The social conservatives will never embrace him no matter how many, ahem, strict constructionalist judges he promises to appoint. I doubt even ringing and repeated endorsements from Bush the Younger, properly couched and coded so they don’t turn off too many mainstream people, can overcome the fact that Giuliani is pro-choice. He can’t reassemble Bush’s coalition, so he’ll have to run more or less exclusively on terrorism and machismo. Whether or not it works depends on whether or not Giuliani can scare ordinary Americans more than Bush the Younger already has. If he can frighten the populace into believing that a Blue White House means that we all die, and he will use only a minimum of subtlety to do so, he could win. I don’t think it’s likely to work, but it’s certainly not impossible.
Romney, on the other hand, would have to run in the opposite direction and make minimum use of terrorism and fear. He won in Massachusetts, and the 2008 electorate is going to resemble Massachusetts a lot more than Texas, by being the non-threatening, reasonable Republican, the calm and confident manager who did something about health care. Romney could reconstruct Bush’s coalition with a shift away from terrorism (but not too much) and toward people who don’t like the current president but aren’t exactly comfortable voting for a Democrat either.
In the general election, Romney has almost no character flaws. The fact that he’s a Mormon probably isn’t very relevant, especially after he’s settled in as the nominee and the country really gets to know him. He’s been explaining Mormonism to people who don’t know anything about it all his life and by now he’s very good at it, once he has the entire nation’s attention neutralizing it as an issue, while vital, won’t be all that difficult.
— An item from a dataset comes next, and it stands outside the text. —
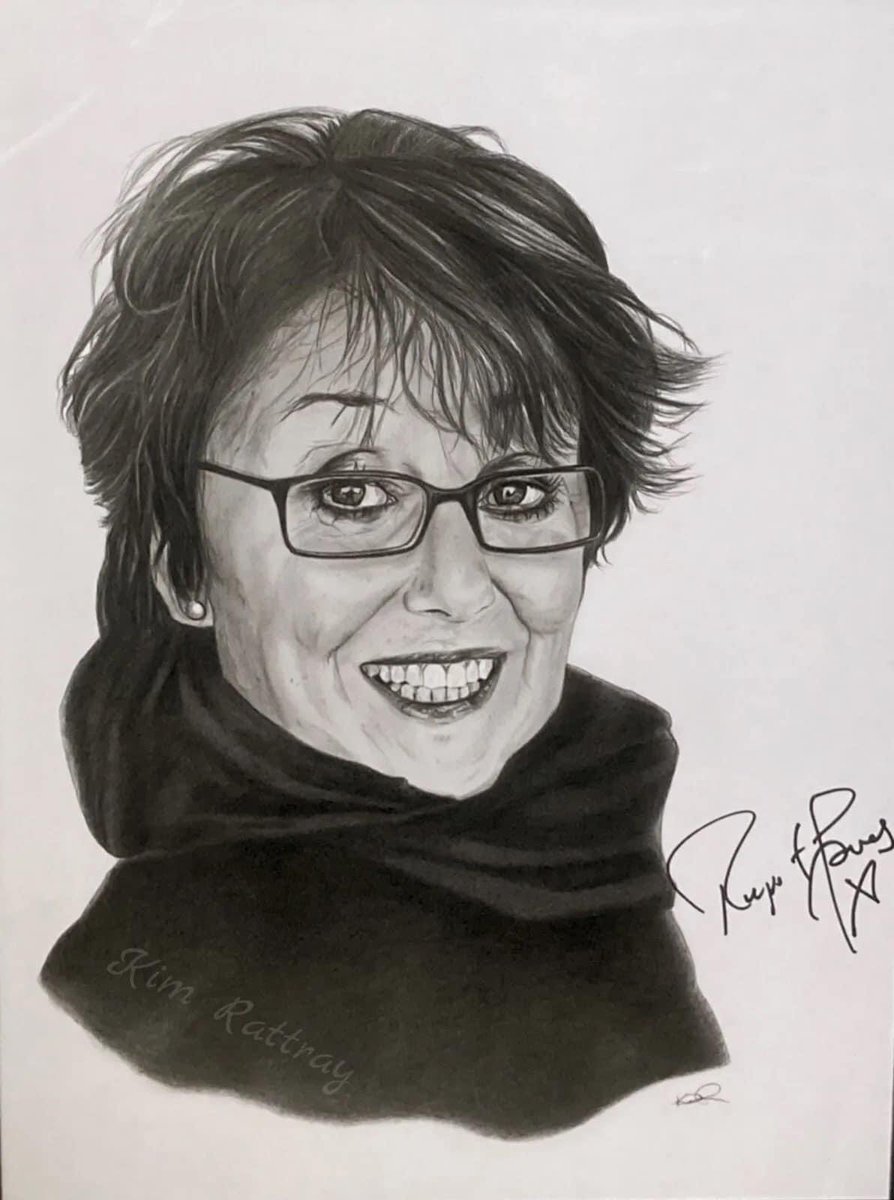 rattray_kim's tweet photo. Still time peeps. £177 raised so far for @MindCharity. To be entered into the draw to win this original portrait, signed by @_RupertGraves & drawn by me, either donate via my fb link below, or directly to mind.
Take a screenshot of the donation. #Sherlock
https://t.co/xUJXukXAsq https://t.co/Yr0EeJ25oH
Romney’s biggest problem is George W. Bush. He’ll need to convince the country that his Republican Party is not the Republican party of Bush the Younger. He really is a compassionate conservative and since his appeal does not rest nearly as heavily on the tough guy image as many of the other Republicans, once he’s the nominee he can soften his stances on Iraq. Without coming out and actually saying so, Romney could let it be known that he abhors the war and wants to end it. End it victoriously, yes, but end it nevertheless. That kind of a peace with honor message, and the distance from George W. Bush that it implies is Romney’s road to 1600.
Will any of it work? I have no idea, and anyone who claims that they do is probably selling something, but I don’t think it will. The basic electoral math of America has been disadvantageous to Republicans for a long time. They’ve overcome that by taking advantage of Democratic disasters in foreign policy. Lyndon Johnson’s Vietnam adventure almost certainly cost the Democrats the 1968 election. Jimmy Carter’s presidency died in the sands of Iran and gave the Republicans the White House for twelve years. And, let’s not forget, that when Bush the Younger was running in 2000 he loudly and repeatedly made the point that Bill Clinton and Al Gore had trashed the military by getting involved in peacekeeping operations.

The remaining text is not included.